Producer Lisa Meeches says discussions are happening now and there are hopes for renewing the series that last aired in 2019.

“The show was designed out of fear for my daughter,” says Meeches on the latest episode of Face to Face with Dennis Ward. “She’s going to be 11, next week and not much has changed, in terms of safety for our women in city centres.

“But, we’re becoming more proactive in working with the families and taking suggestions from them and how change can happen and you’re seeing the results of that.”

In addition to hosting Taken, Meeches was also the host of one of the longest running Indigenous television show in Canada. Meeches, who is Anishinaabe from Long Plain First Nation in Manitoba, got her break in television as a reporter, nearly 40 years ago.

Being one of the few Indigenous TV reporters “was intimidating” says Meeches but she had a loyal fanbase from the Dakota and Ojibway Nations around Brandon, Man.

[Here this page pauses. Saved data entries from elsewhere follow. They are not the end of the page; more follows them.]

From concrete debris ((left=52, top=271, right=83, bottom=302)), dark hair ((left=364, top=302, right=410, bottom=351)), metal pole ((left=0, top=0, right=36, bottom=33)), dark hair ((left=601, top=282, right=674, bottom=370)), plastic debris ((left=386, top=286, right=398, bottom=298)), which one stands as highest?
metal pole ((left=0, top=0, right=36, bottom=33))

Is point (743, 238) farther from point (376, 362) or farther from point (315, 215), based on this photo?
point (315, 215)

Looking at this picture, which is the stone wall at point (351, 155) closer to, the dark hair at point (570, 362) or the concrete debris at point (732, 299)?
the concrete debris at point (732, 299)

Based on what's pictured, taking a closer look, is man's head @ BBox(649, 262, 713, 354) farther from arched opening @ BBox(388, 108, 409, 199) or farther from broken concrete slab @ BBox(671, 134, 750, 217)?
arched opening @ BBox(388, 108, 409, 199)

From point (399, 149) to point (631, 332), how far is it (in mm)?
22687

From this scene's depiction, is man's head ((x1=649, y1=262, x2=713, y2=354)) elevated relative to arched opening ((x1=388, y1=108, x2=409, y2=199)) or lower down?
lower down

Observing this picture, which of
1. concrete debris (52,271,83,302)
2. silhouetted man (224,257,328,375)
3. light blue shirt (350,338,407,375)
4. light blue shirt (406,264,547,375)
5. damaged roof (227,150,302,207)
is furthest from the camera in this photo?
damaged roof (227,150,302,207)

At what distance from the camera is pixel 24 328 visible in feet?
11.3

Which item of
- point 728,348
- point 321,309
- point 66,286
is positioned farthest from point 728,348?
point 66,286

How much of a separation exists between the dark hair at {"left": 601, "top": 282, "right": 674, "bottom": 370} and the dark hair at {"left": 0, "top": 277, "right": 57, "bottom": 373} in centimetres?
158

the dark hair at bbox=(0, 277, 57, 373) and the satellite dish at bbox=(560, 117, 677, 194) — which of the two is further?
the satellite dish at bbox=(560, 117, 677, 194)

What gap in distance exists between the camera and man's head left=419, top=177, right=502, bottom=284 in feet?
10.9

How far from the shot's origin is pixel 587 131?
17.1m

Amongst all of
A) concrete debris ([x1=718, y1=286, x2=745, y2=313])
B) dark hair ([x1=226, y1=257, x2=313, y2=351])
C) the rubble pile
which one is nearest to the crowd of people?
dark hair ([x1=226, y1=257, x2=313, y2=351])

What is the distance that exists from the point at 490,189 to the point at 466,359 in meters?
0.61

That was bearing out in the TV ratings and Meeches was presented with the idea of having a weekly show.

“They offered me a show of my very own and I took that back to ceremony to my grandfather and my grandparents on the Rez,” says Meeches.

“He didn’t say congratulations, he said ‘you’re going to be responsible for people’s half hour, every Sunday night. What are you going to do with that and how are you going to earn that right?’ So, I thought, ‘hmm that’s not what I wanted to hear’ but nonetheless I was up for the task so he put me on a four day fast behind his house to earn the right to tell peoples stories,” says Meeches.

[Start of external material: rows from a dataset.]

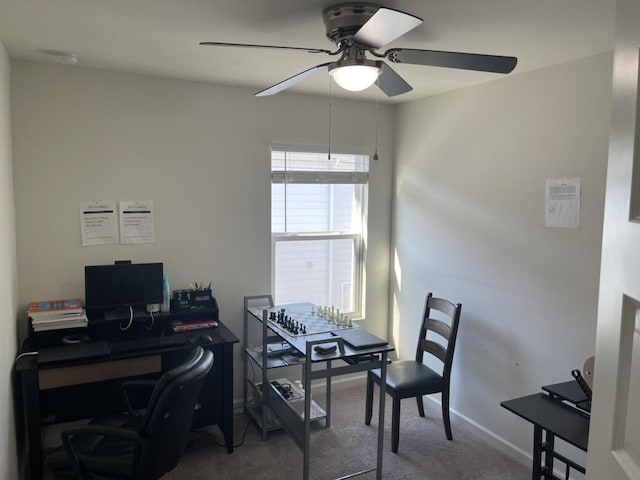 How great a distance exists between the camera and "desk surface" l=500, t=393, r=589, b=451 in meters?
2.04

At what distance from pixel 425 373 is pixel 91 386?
2161 mm

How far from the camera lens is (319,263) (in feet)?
13.1

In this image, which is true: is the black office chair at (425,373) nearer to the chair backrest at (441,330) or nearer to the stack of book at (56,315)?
the chair backrest at (441,330)

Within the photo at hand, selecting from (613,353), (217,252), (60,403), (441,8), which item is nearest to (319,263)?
(217,252)

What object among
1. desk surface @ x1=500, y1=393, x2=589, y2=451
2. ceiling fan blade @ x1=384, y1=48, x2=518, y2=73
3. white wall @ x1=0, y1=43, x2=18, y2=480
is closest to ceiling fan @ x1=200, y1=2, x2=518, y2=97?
ceiling fan blade @ x1=384, y1=48, x2=518, y2=73

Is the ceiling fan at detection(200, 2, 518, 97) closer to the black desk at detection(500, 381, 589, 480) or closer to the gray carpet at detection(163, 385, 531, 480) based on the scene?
the black desk at detection(500, 381, 589, 480)

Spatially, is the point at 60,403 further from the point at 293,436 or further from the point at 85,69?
the point at 85,69

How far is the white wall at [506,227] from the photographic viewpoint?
2613mm

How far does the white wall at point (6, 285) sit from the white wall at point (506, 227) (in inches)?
109

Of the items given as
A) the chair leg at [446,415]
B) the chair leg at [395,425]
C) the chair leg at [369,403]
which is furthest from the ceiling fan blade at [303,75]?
the chair leg at [446,415]

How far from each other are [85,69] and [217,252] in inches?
56.6

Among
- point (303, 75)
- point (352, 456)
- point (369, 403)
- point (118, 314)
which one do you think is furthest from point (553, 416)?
point (118, 314)

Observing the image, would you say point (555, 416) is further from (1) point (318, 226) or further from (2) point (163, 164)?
(2) point (163, 164)

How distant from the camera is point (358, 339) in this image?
2.84 m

After the four day fast, Meeches said she breathed the biggest sigh of relief when her grandfather said “your camera is like your bundle now.”

That show, The Sharing Circle ran on TV from 1991 to 2008.

During that incredible run, Meeches helped found Eagle Vision, which has become one of the most prolific production companies with Indigenous ownership in Canada.

Eagle Vision has produced content from the Oscar-winning feature Capote, international hit TV series like Ice Road Truckers, award-winning documentaries like We Were Children and award-winning television movies like Elijah.

Elijah went on to win a Canadian Screen Award, known then as the Gemini’s.

“At the time, they couldn’t believe an Indigenous person would be a producer at a budget at that level and we were going to eat lunch at craft services and the head of craft services was telling me to go outside and eat with the extras, the extras who were playing the Chiefs in the movie,” says Meeches “My co-producing partner was standing with me and he says to the crafty, she’s the boss, she’s the lead producer on this movie. And he was so embarrassed and I remember it being that a-ha moment.”

In addition to producing numerous award-winning projects for the screen, Meeches has also been critical to the success of the Manito Ahbee Festival, which returns this weekend for it’s 19 year.

She is also a member of the Order of Canada and the Order of Manitoba.